Top of Data below

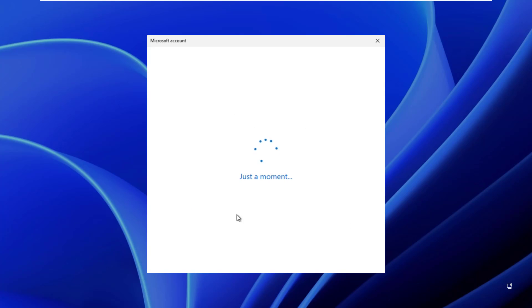Once you've set up your new PIN, you will be automatically logged into your system. Thanks for watching this video.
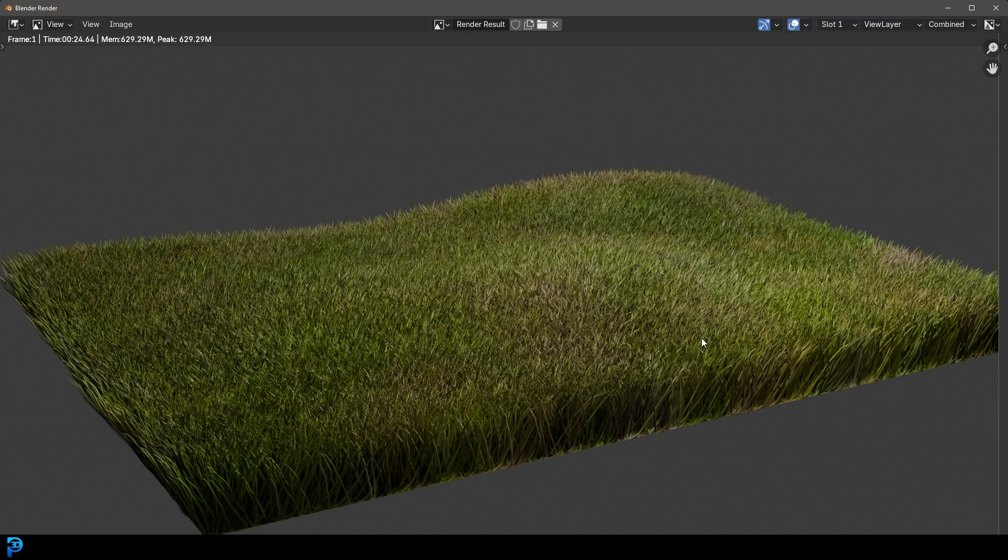This is a fun way of making some quick and easy grass in Blender. I really hope you enjoyed it and I'll see you next time.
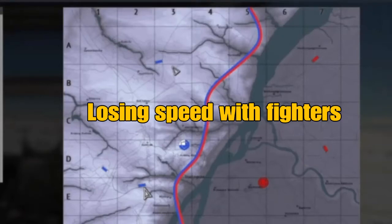In this video we are going to see how to lose airspeed close to the runway. It might happen because we have been followed, or because you want to reload and take off to fight bombers.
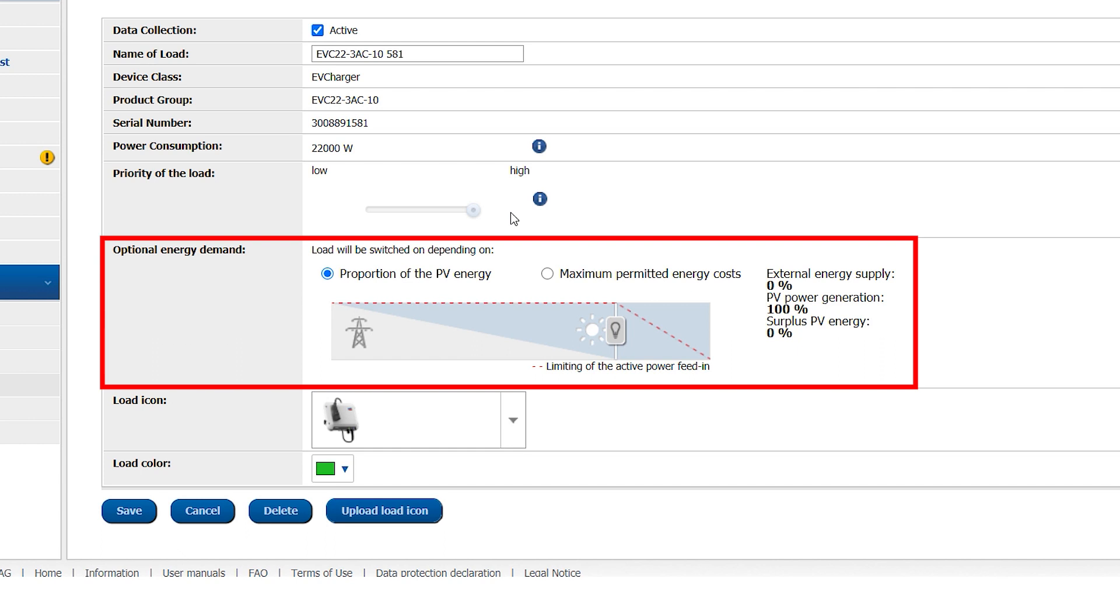This means that for the typical EV, which can start charging from 1.38 kW, now only requires about 1 kW of excess PV power to start charging. This can be very useful for smaller PV systems.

Bottom of Data below

**Exercise prompt**
Reproduce the data above without a single change, please, but without its pictures.

**Exercise result**
Once you've set up your new PIN, you will be automatically logged into your system. Thanks for watching this video.
This is a fun way of making some quick and easy grass in Blender. I really hope you enjoyed it and I'll see you next time.
In this video we are going to see how to lose airspeed close to the runway. It might happen because we have been followed, or because you want to reload and take off to fight bombers.
This means that for the typical EV, which can start charging from 1.38 kW, now only requires about 1 kW of excess PV power to start charging. This can be very useful for smaller PV systems.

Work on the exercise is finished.